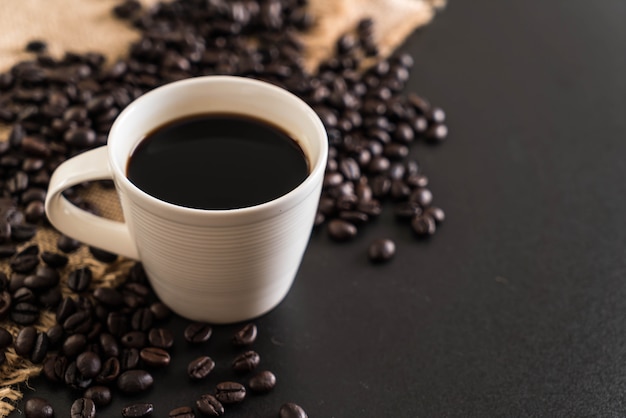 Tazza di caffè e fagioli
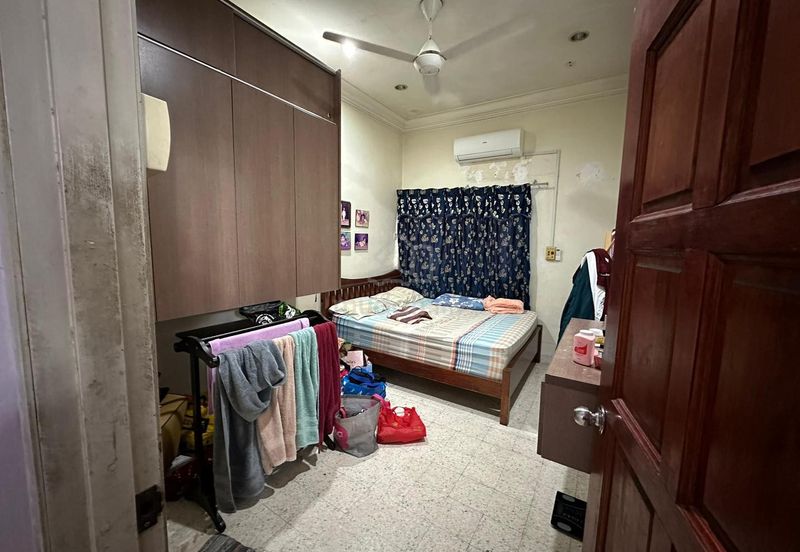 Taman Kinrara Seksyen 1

==

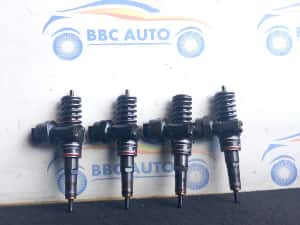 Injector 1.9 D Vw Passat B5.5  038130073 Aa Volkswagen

● **EXERCISE**
Beginning with the line above that contains "Tazza di caffè e fagioli" and finishing with the line that contains "Taman Kinrara Seksyen 1", print those lines exactly and only. Skip all pictures.

● **TASK RESULT**
 Tazza di caffè e fagioli
 Taman Kinrara Seksyen 1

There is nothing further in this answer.